Download or read book Greenes Guides to Educational Planning The Hidden Ivies written by Howard Greene and published by Collins Reference. This book was released on 2000-07-25 with total page 336 pages. Available in PDF, EPUB and Kindle. Book excerpt: The Hidden Ivies focuses on liberal arts colleges and universities that are comparable quality to the Ivies. Based on surveys and interviews with students as well as college presidents, deans of faculty, and other administrators, The Hidden Ivies presents an insider perspective of thirty leading institutions of exceptional merit. Thee colleges and universities provide an outstanding educational experience for the gifted college-bound student and provide the foundations for life after graduation.
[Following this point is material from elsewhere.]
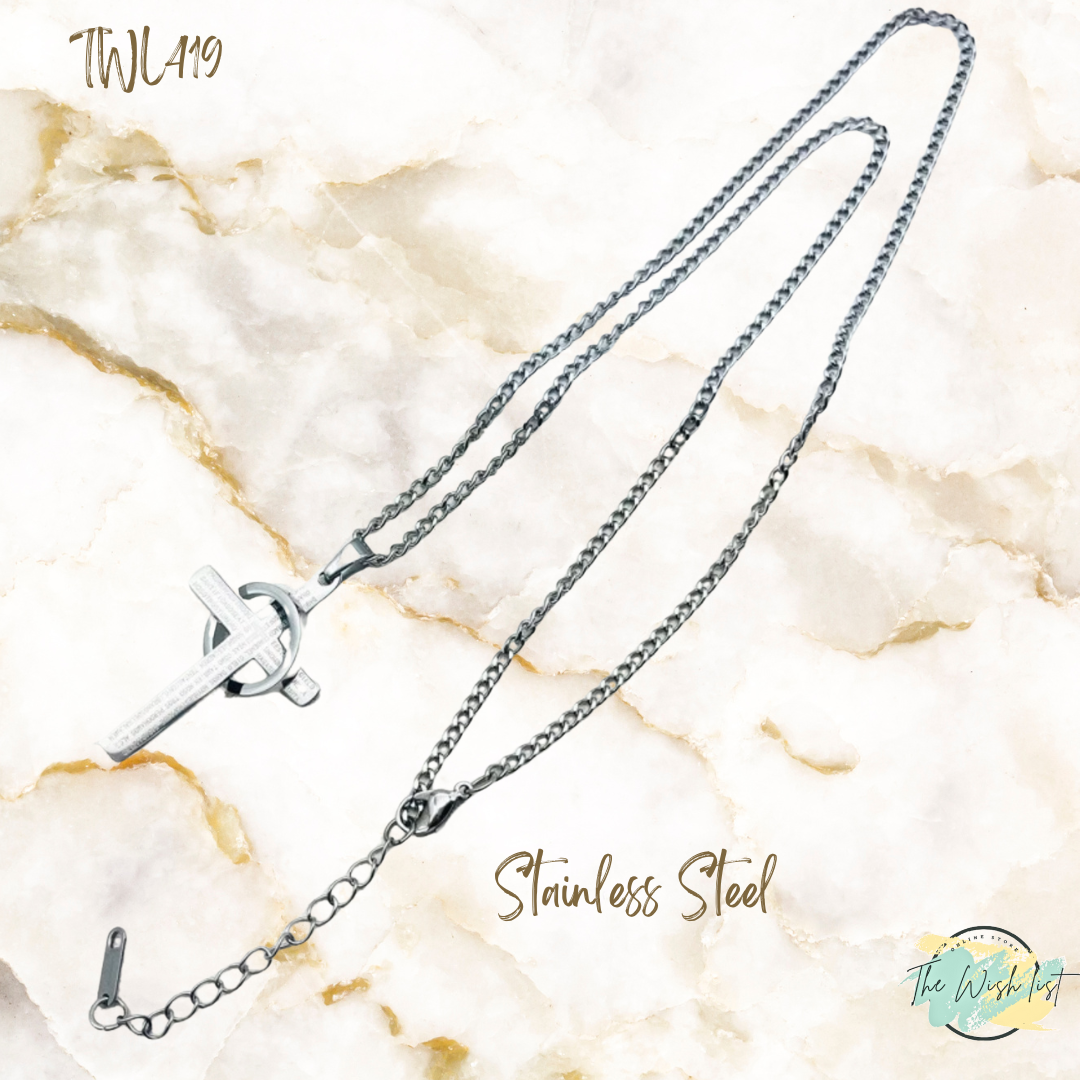 Men's Stainless Steel with wording and Crown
Book The Archetypal Actions of Ritual

Download or read book The Archetypal Actions of Ritual written by Caroline Humphrey and published by Oxford University Press on Demand. This book was released on 1994 with total page 293 pages. Available in PDF, EPUB and Kindle. Book excerpt: The book explores the implications for anthropology of this new theory of ritual, with discussions of the relation between texts and action, the importance of bodily experience in ritual enactment, and the sense of selfhood as it is affected by ritual.

Book See It Feelingly

    Book Details:
  • Author : Ralph James Savarese
  • Publisher : Duke University Press Books
  • Release : 2018-10-26
  • ISBN : 9781478001300
  • Pages : 0 pages

Download or read book See It Feelingly written by Ralph James Savarese and published by Duke University Press Books. This book was released on 2018-10-26 with total page 0 pages. Available in PDF, EPUB and Kindle. Book excerpt: “We each have Skype accounts and use them to discuss [Moby-Dick] face to face. Once a week, we spread the worded whale out in front of us; we dissect its head, eyes, and bones, careful not to hurt or kill it. The Professor and I are not whale hunters. We are not letting the whale die. We are shaping it, letting it swim through the Web with a new and polished look.”—Tito Mukhopadhyay Since the 1940s researchers have been repeating claims about autistic people's limited ability to understand language, to partake in imaginative play, and to generate the complex theory of mind necessary to appreciate literature. In See It Feelingly Ralph James Savarese, an English professor whose son is one of the first nonspeaking autistics to graduate from college, challenges this view. Discussing fictional works over a period of years with readers from across the autism spectrum, Savarese was stunned by the readers' ability to expand his understanding of texts he knew intimately. Their startling insights emerged not only from the way their different bodies and brains lined up with a story but also from their experiences of stigma and exclusion. For Mukhopadhyay Moby-Dick is an allegory of revenge against autism, the frantic quest for a cure. The white whale represents the autist's baffling, because wordless, immersion in the sensory. Computer programmer and cyberpunk author Dora Raymaker skewers the empathetic failings of the bounty hunters in Philip K. Dick's Do Androids Dream of Electric Sheep? Autistics, some studies suggest, offer instruction in embracing the nonhuman. Encountering a short story about a lonely marine biologist in Antarctica, Temple Grandin remembers her past with an uncharacteristic emotional intensity, and she reminds the reader of the myriad ways in which people can relate to fiction. Why must there be a norm? Mixing memoir with current research in autism and cognitive literary studies, Savarese celebrates how literature springs to life through the contrasting responses of unique individuals, while helping people both on and off the spectrum to engage more richly with the world.